A large-scale study revealed that individuals who compensated for weekday sleep deficits with additional sleep on weekends significantly reduced their risk of cardiovascular disease. The research was presented at ESC Congress 2024.
In the study, investigators from the State Key Laboratory of Infectious Disease, Fuwai Hospital, National Centre for Cardiovascular Disease in Beijing, China, used the UK Biobank to examine the data of 90,903 participants over a median follow-up period of approximately 14 years.
Participants were divided into quartiles based on their level of compensatory weekend sleep, ranging from –16.05 to +16.06 hours. Sleep data was collected using accelerometers, with sleep deprivation defined as self-reported sleep of less than 7 hours per night. Cardiovascular outcomes were assessed using hospitalization records and cause of death registry information, focusing on ischemic heart disease, heart failure, atrial fibrillation, and stroke.
The investigators found that participants who had the highest levels of compensatory sleep on weekends had a 19% lower risk of developing cardiovascular disease compared with those who had the lowest levels of compensatory sleep. This risk reduction increased to 20% in a subgroup of participants who reported chronic sleep deprivation.

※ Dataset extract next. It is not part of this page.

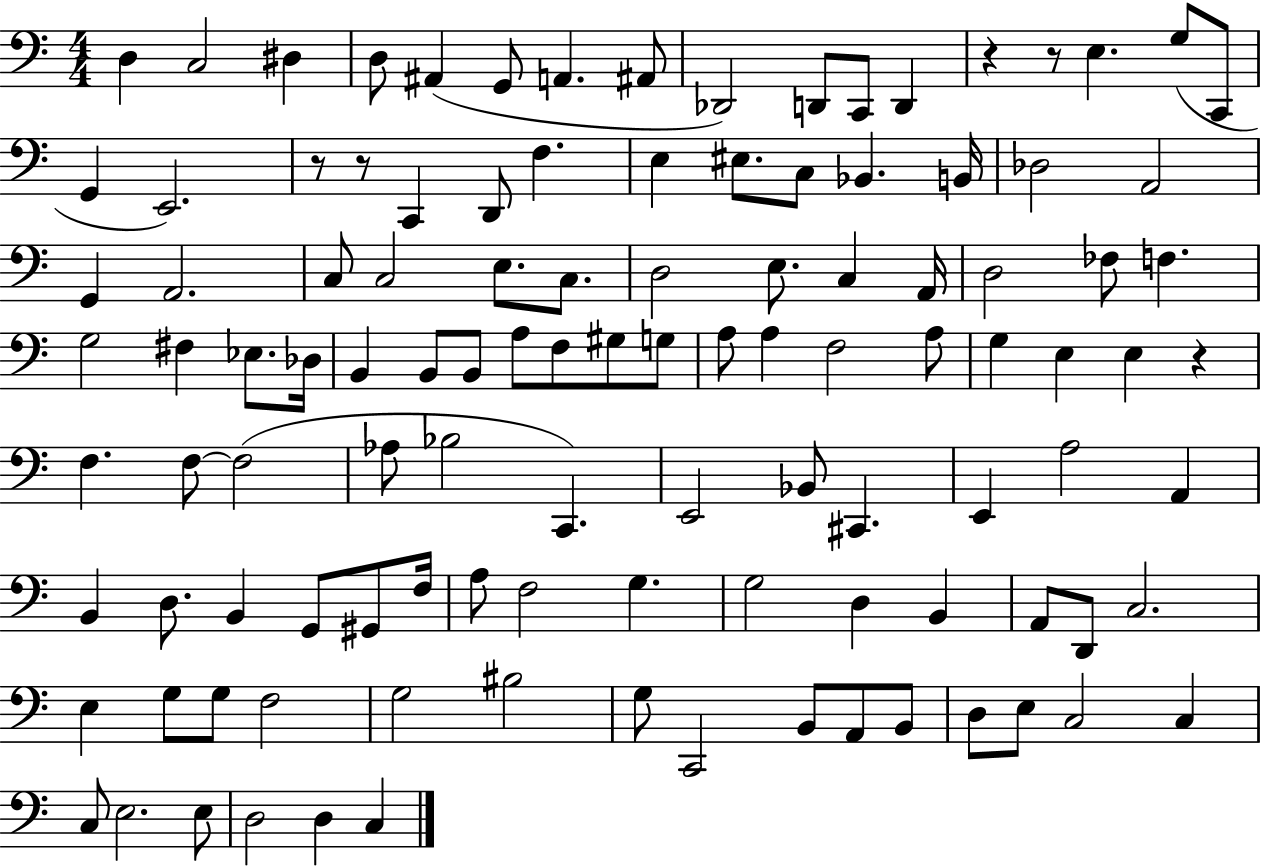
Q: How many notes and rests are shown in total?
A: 111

Of the total cohort, 21.8% (n = 19,816) of the participants met the criteria for sleep deprivation. No significant differences in outcomes were observed between men and women.
"Sufficient compensatory sleep is linked to a lower risk of [cardiovascular] disease. The association becomes even more pronounced among individuals who regularly experience inadequate sleep on weekdays," emphasized co–study author Yanjun Song.
The investigators noted that modern lifestyles often led to sleep disruption and deprivation as a result of work or school schedules. This study provided evidence on the practice of "catching up" on sleep during weekends.
The investigators acknowledged potential limitations, including the self-reporting of sleep deprivation and the possibility that non–sleep-deprived participants may have experienced occasional inadequate sleep without meeting the study's criteria for sleep deprivation.
These findings suggested that health care providers could consider discussing sleep patterns with patients, particularly those at risk for cardiovascular disease. Encouraging compensatory sleep on weekends or days off may be a strategy for addressing the cardiovascular risks associated with chronic sleep deprivation.
The study indicated that further research could help determine the optimal amount of compensatory sleep and explore potential mechanisms underlying the observed risk reduction. Additionally, longitudinal studies could help elucidate the long-term effects of compensatory sleep patterns on cardiovascular health.
The authors declared no conflicts of interest.